Directions:
Lower down are entries containing pictures. Copy exactly, without those pictures, the lines from the line with "Ecksofa Crandon (mit" through the line with "ChemSpider 2D Image".

Extracted information:
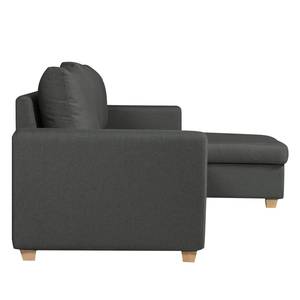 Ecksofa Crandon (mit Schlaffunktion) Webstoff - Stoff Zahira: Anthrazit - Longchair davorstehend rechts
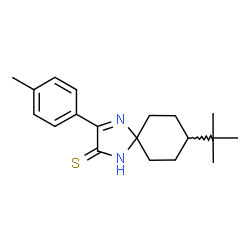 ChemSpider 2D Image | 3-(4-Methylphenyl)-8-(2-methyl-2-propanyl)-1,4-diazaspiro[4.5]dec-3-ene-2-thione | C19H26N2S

==

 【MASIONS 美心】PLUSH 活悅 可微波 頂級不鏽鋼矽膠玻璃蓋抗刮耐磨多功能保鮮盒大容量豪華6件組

...

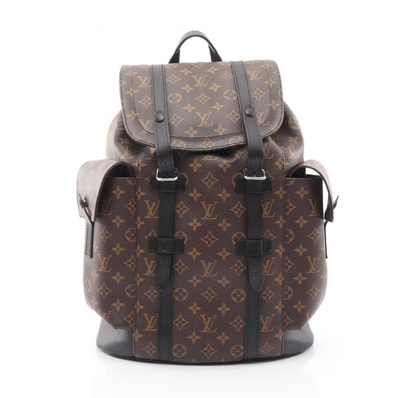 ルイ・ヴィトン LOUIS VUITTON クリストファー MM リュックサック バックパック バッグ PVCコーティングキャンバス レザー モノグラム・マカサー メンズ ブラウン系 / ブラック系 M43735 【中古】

Output below:
 Ecksofa Crandon (mit Schlaffunktion) Webstoff - Stoff Zahira: Anthrazit - Longchair davorstehend rechts
 ChemSpider 2D Image | 3-(4-Methylphenyl)-8-(2-methyl-2-propanyl)-1,4-diazaspiro[4.5]dec-3-ene-2-thione | C19H26N2S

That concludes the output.